● TASK TO CARRY OUT:
The expected output is the line with "hansgrohe AXOR One" plus all lines after it to the end of the material below, reproduced exactly, with pictures omitted and nothing else included.

● MATERIAL FOR THIS EXERCISE:
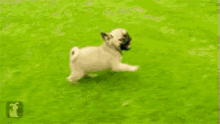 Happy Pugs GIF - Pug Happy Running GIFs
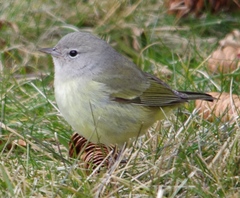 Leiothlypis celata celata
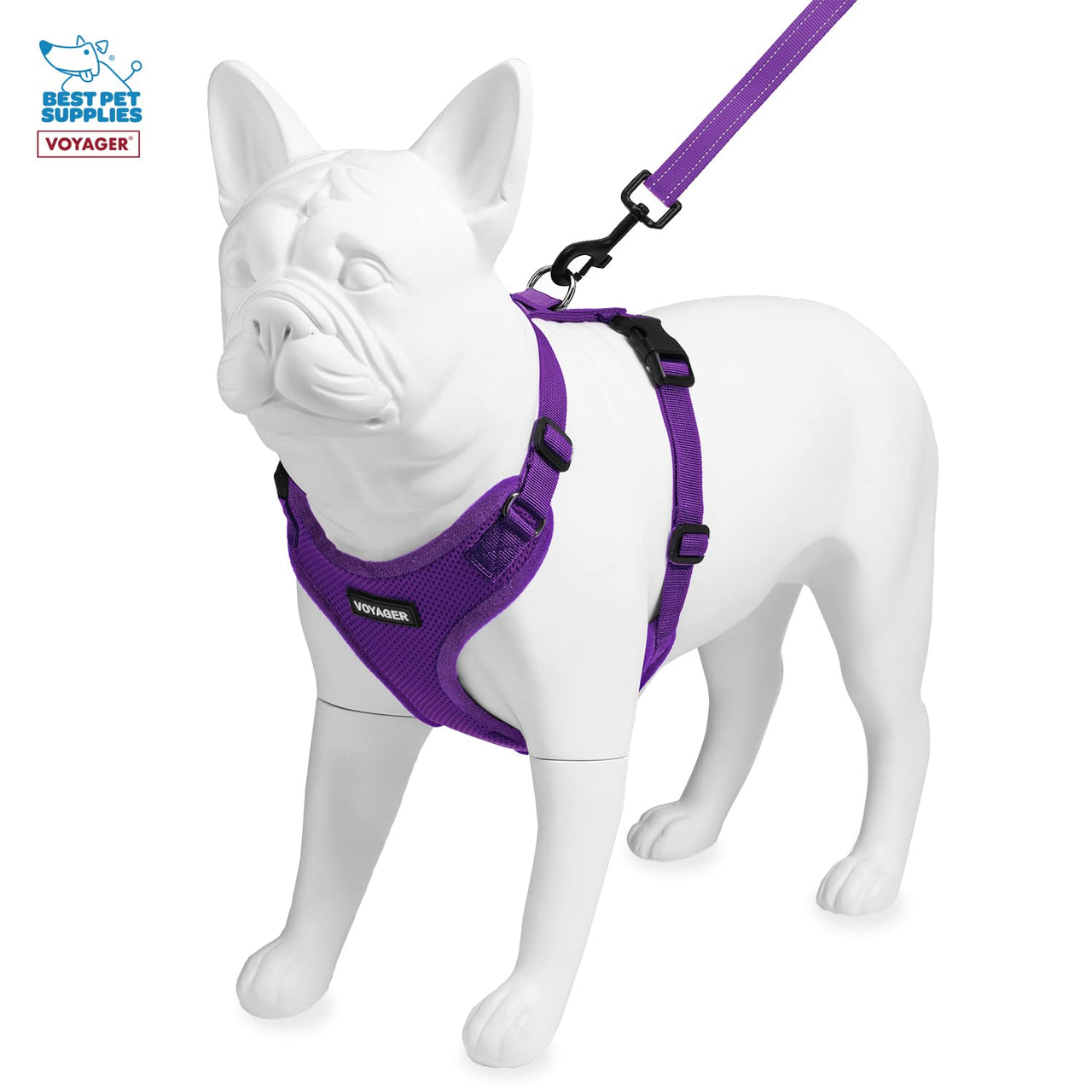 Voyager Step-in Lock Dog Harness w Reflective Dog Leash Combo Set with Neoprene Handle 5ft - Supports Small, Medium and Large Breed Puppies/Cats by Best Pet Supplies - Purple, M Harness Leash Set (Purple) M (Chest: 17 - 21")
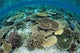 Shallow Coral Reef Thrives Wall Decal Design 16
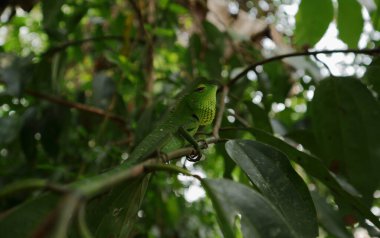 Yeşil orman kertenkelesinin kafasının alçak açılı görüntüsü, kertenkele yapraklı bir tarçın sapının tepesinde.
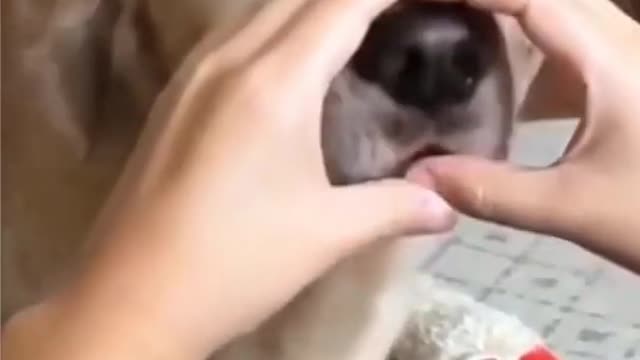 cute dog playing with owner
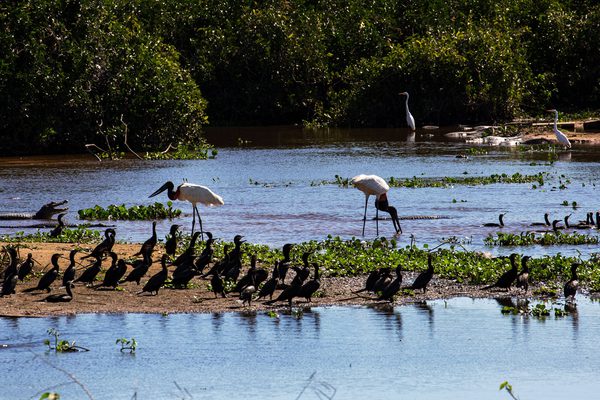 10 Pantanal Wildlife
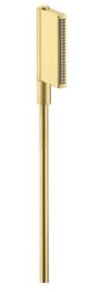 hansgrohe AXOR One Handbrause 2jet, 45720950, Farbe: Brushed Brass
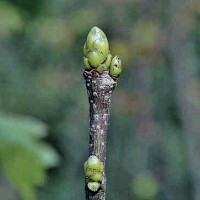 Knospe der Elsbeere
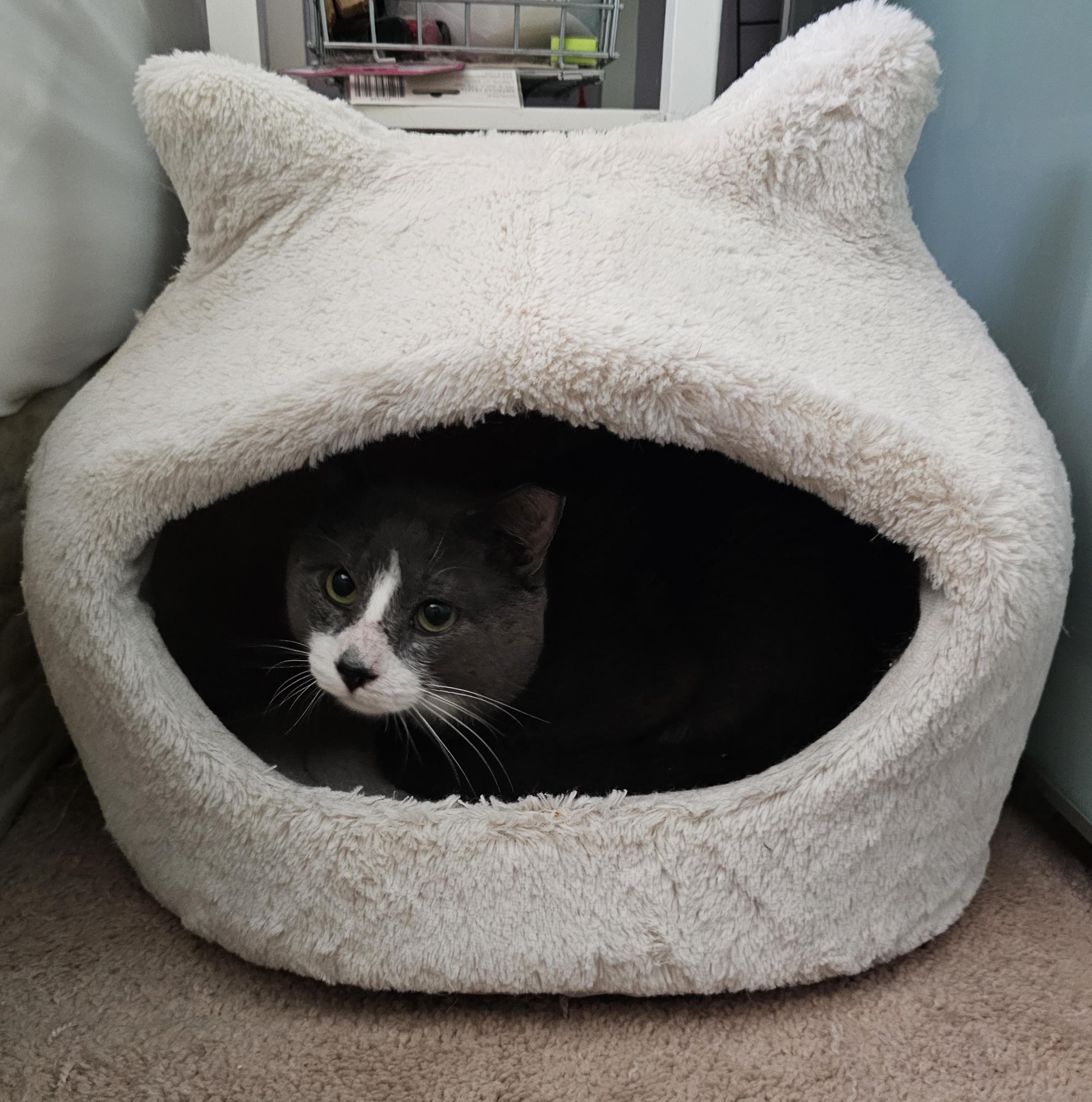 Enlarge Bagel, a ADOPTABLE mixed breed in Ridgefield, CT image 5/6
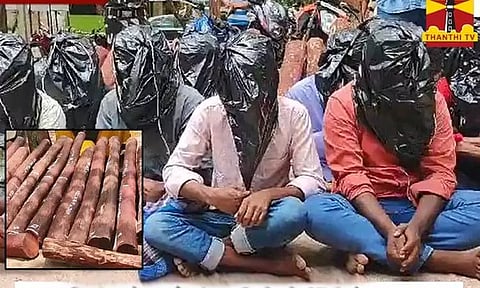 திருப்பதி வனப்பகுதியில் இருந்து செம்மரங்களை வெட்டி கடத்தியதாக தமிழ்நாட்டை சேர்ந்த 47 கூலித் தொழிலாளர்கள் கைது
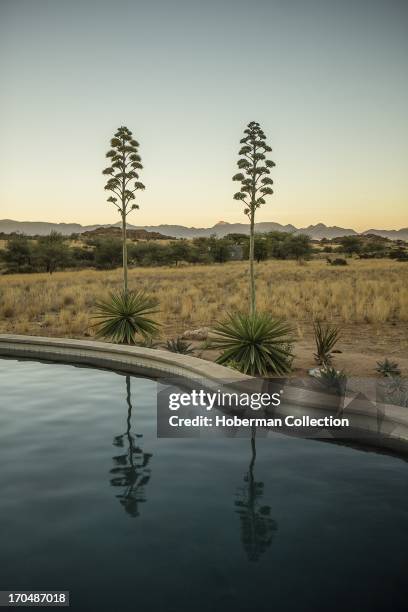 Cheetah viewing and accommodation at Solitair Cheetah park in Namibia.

● SOLUTION FOR THIS PROBLEM:
 hansgrohe AXOR One Handbrause 2jet, 45720950, Farbe: Brushed Brass
 Knospe der Elsbeere
 Enlarge Bagel, a ADOPTABLE mixed breed in Ridgefield, CT image 5/6
 திருப்பதி வனப்பகுதியில் இருந்து செம்மரங்களை வெட்டி கடத்தியதாக தமிழ்நாட்டை சேர்ந்த 47 கூலித் தொழிலாளர்கள் கைது
 Cheetah viewing and accommodation at Solitair Cheetah park in Namibia.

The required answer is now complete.